TASK TO CARRY OUT » This task asks for the lines from the one with "keychain necklace accessories" to the final line below, repeated exactly, with pictures omitted.

AVAILABLE RECORDS »
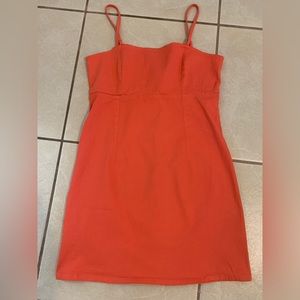 Orange Sundress with Scalloped Neckline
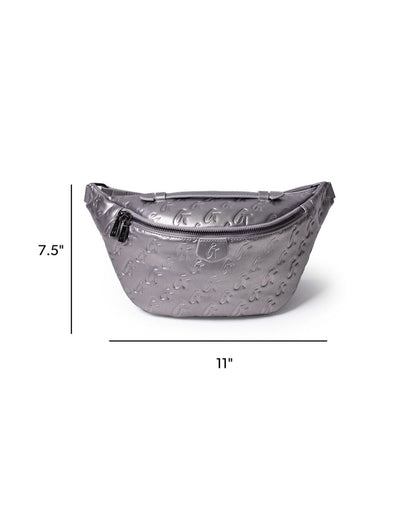 Platinum monogram fanny pack with embossed logo, featuring a zip closure and a sleek, stylish design.
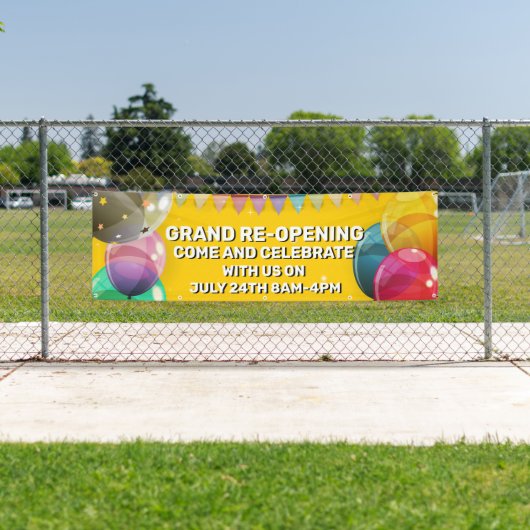 Maßgeschneiderter Großer Re-Opening-Ballons-Laden Banner (Insitu)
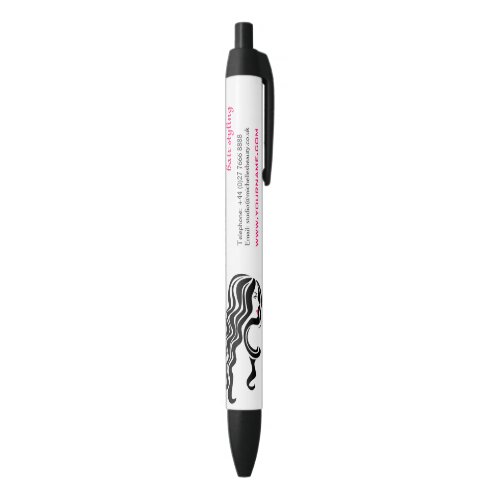 Lovely girl with wavy hair Hairstyling branding Black Ink Pen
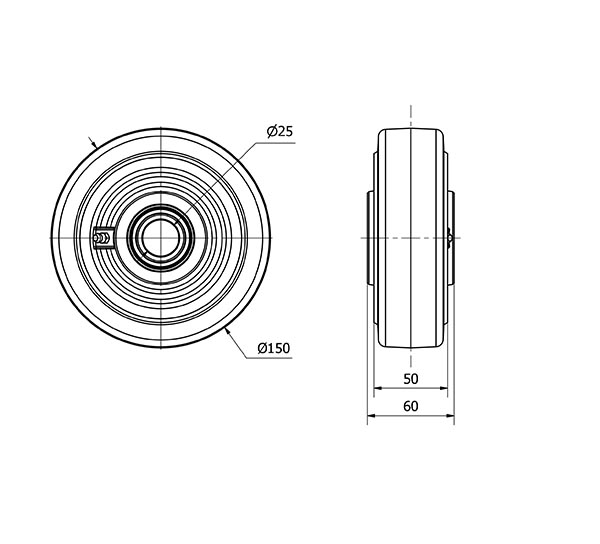 RUEDA HGB150-25-61 NUCLEO HIERRO Y BANDA GOMA NEGRA NATURAL BOLAS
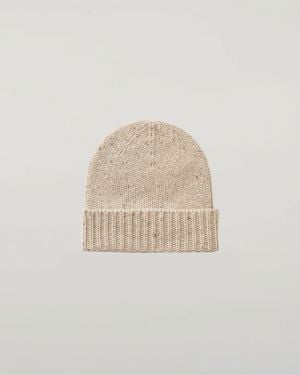 Johnstons of Elgin Donegal Cashmere Cream Beanie - Natural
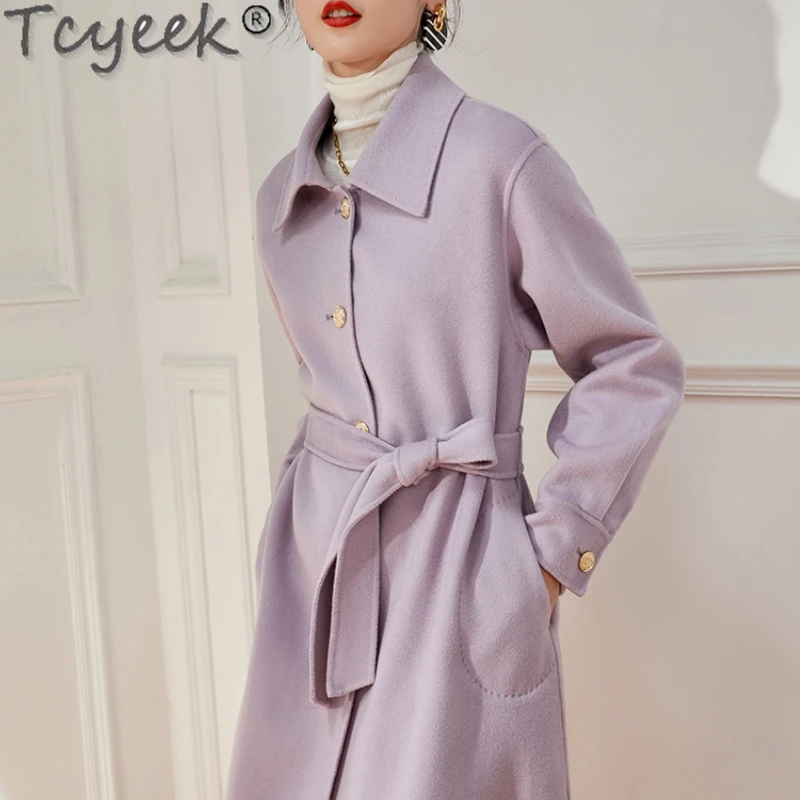 

Tcyeek Autumn Winter Women's Coat Wool Coat Women Double-sided Cashmere Coat Jackets Fashion Female Belt Woolen Coat Casacos Lq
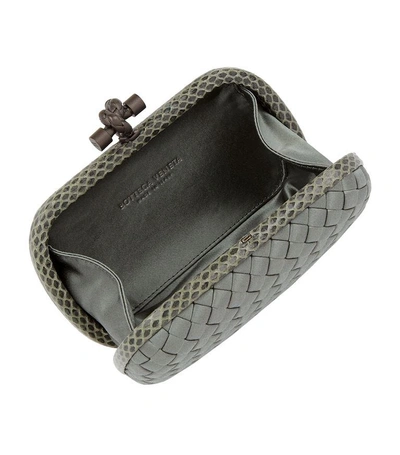 Shop Bottega Veneta Satin Knot Clutch In 0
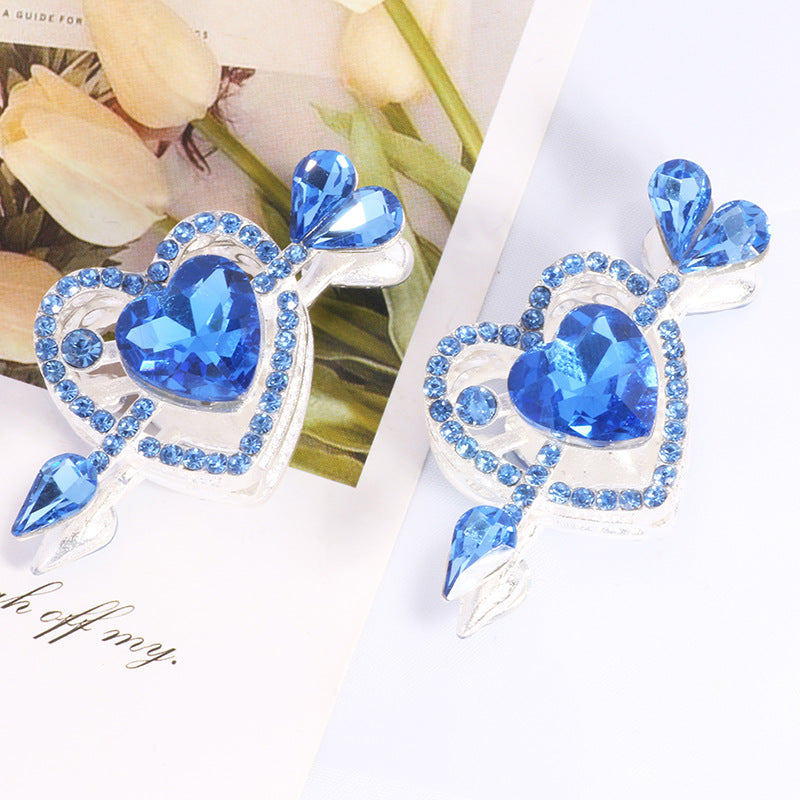 Wholesale  2PCS/Pack Double-sided alloy rhinestones one arrow through the heart love diamond ball straight hole beads DIY mobile phone chain keychain necklace accessories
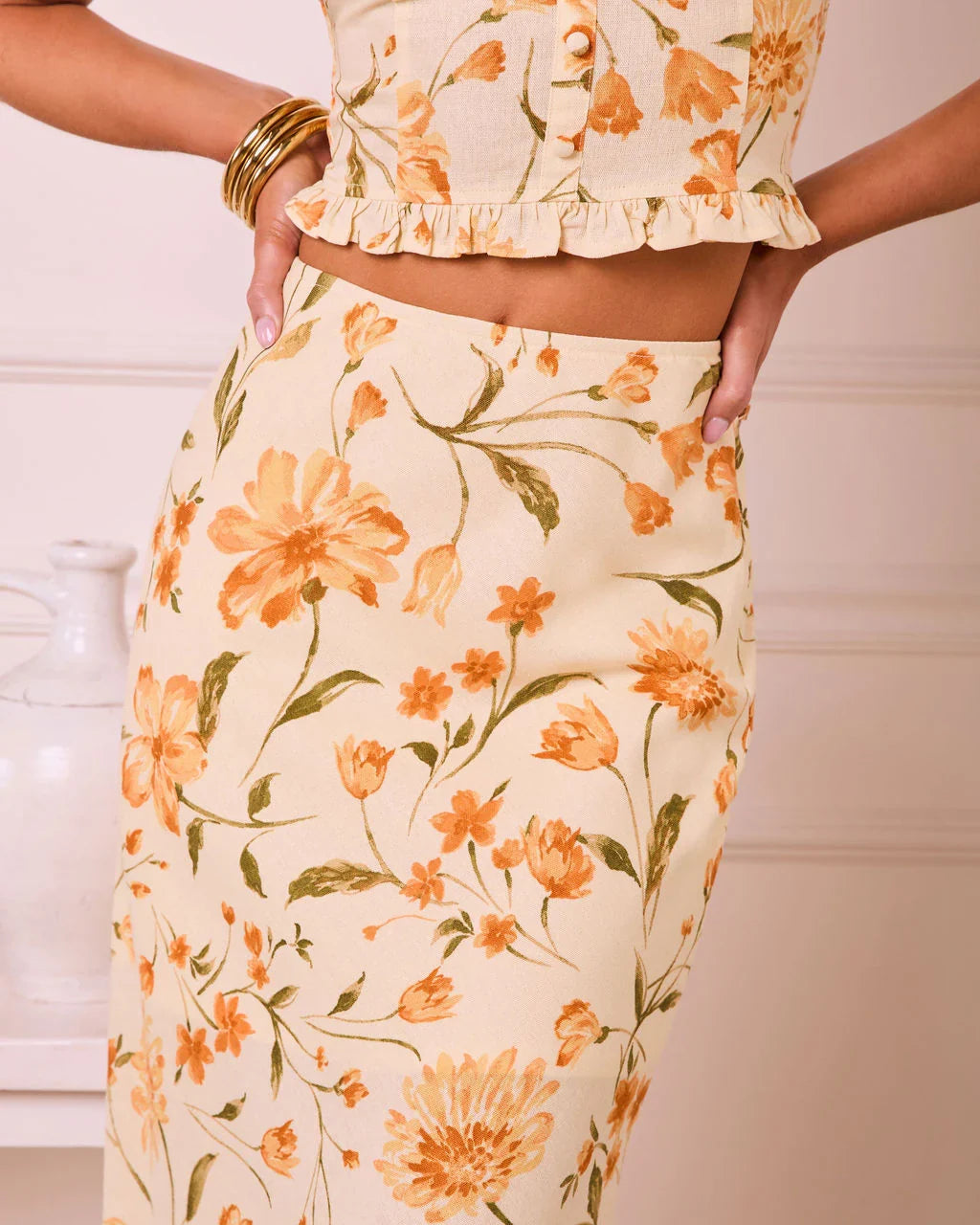 Veloura Floral Linen Maxi Skirt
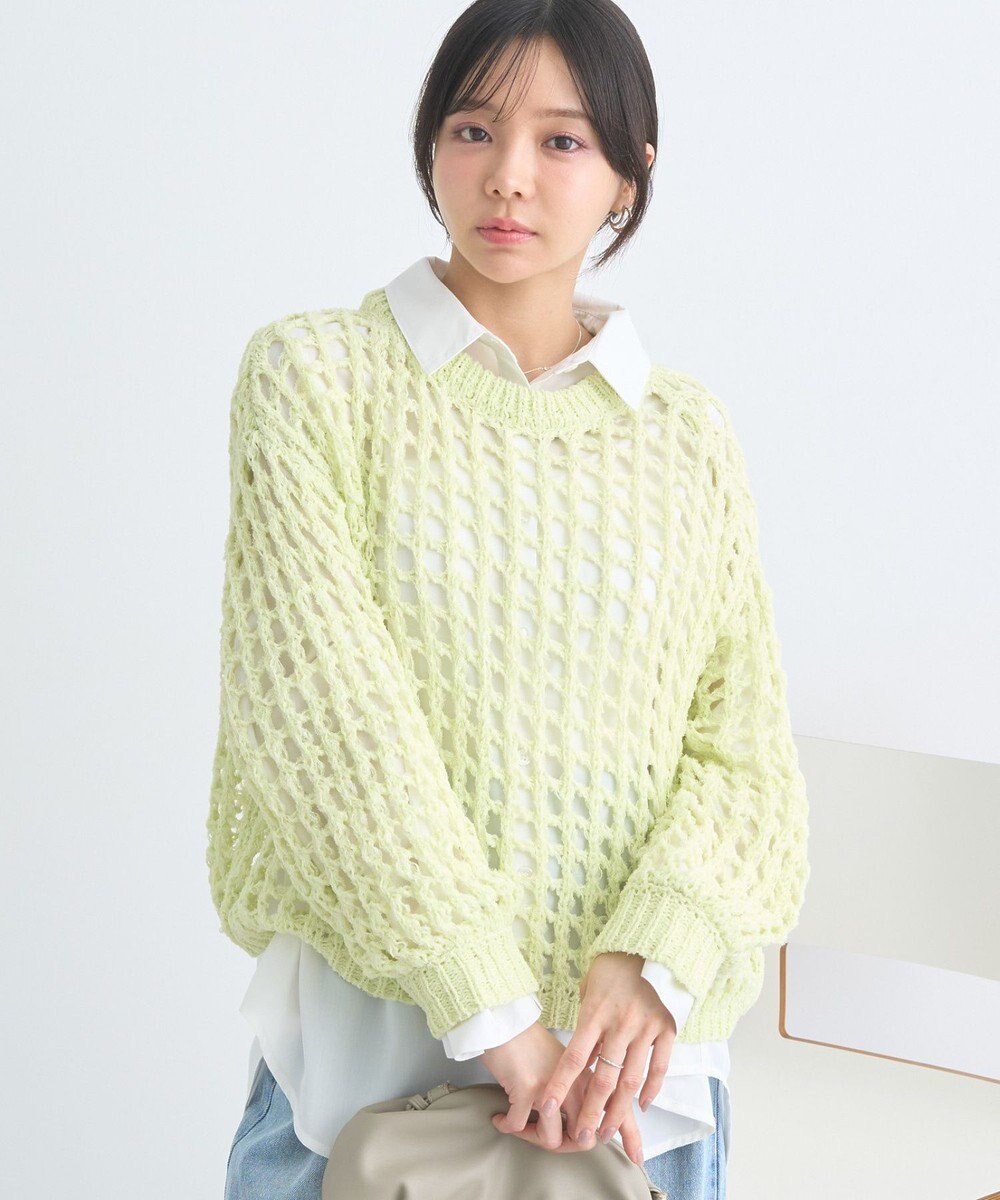 earth music&ecology チュールヤーンメッシュニットプルオーバー 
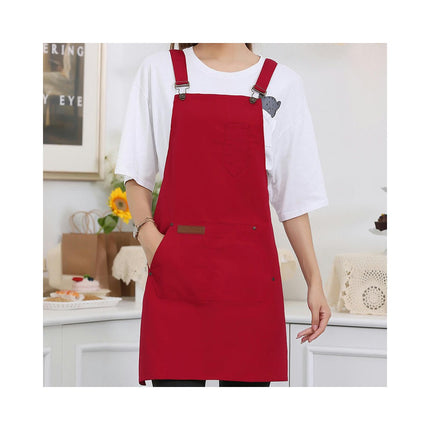 Men's Double Strap Chef Apron, Canvas Waiter Apron with Pockets Waterproof Bib Apron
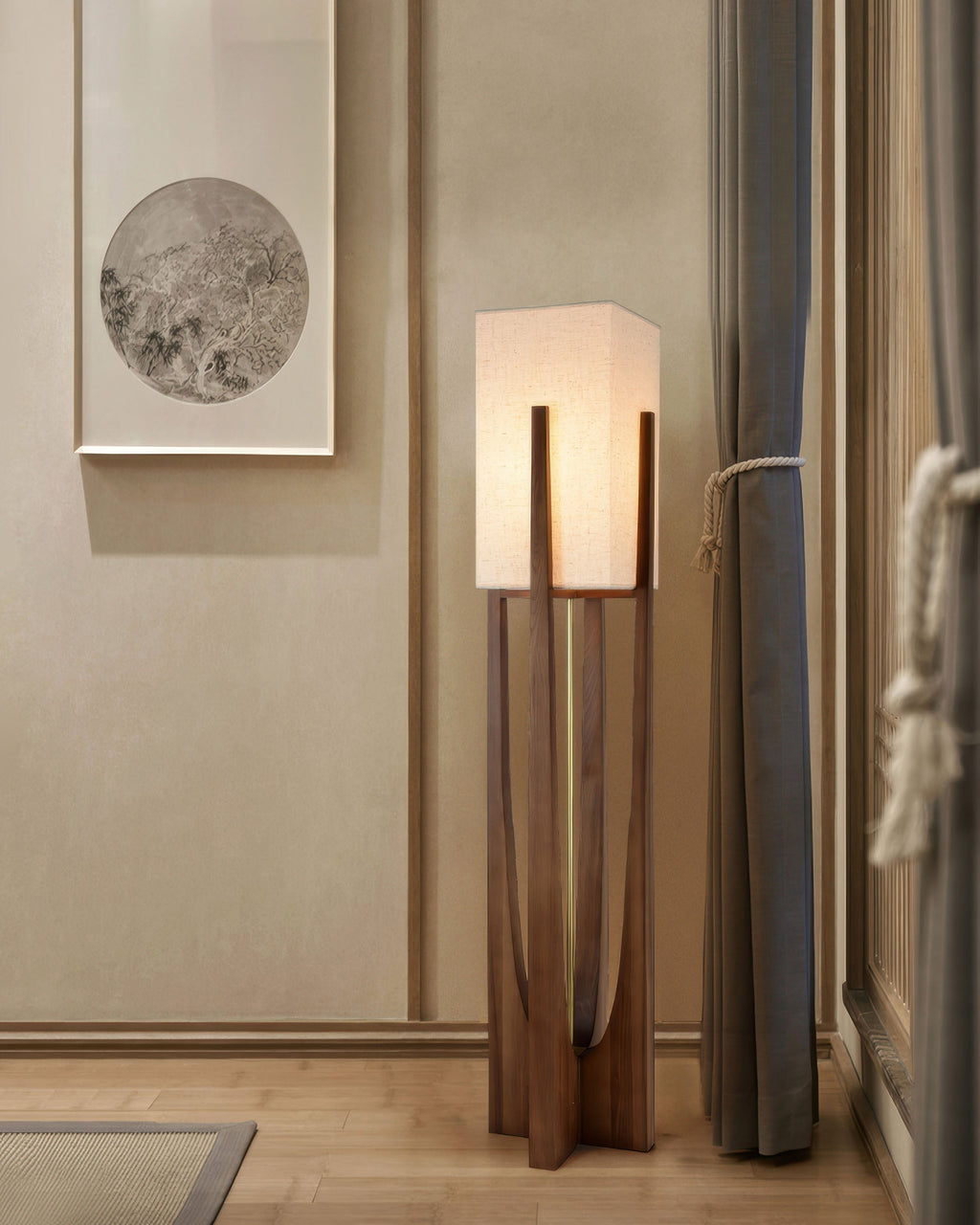 Haru Japanese Inspired Walnut Floor Lamp With Brass Accents And Minimalist Design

FINAL ANSWER »
 Wholesale  2PCS/Pack Double-sided alloy rhinestones one arrow through the heart love diamond ball straight hole beads DIY mobile phone chain keychain necklace accessories
 Veloura Floral Linen Maxi Skirt
 earth music&ecology チュールヤーンメッシュニットプルオーバー 
 Men's Double Strap Chef Apron, Canvas Waiter Apron with Pockets Waterproof Bib Apron
 Haru Japanese Inspired Walnut Floor Lamp With Brass Accents And Minimalist Design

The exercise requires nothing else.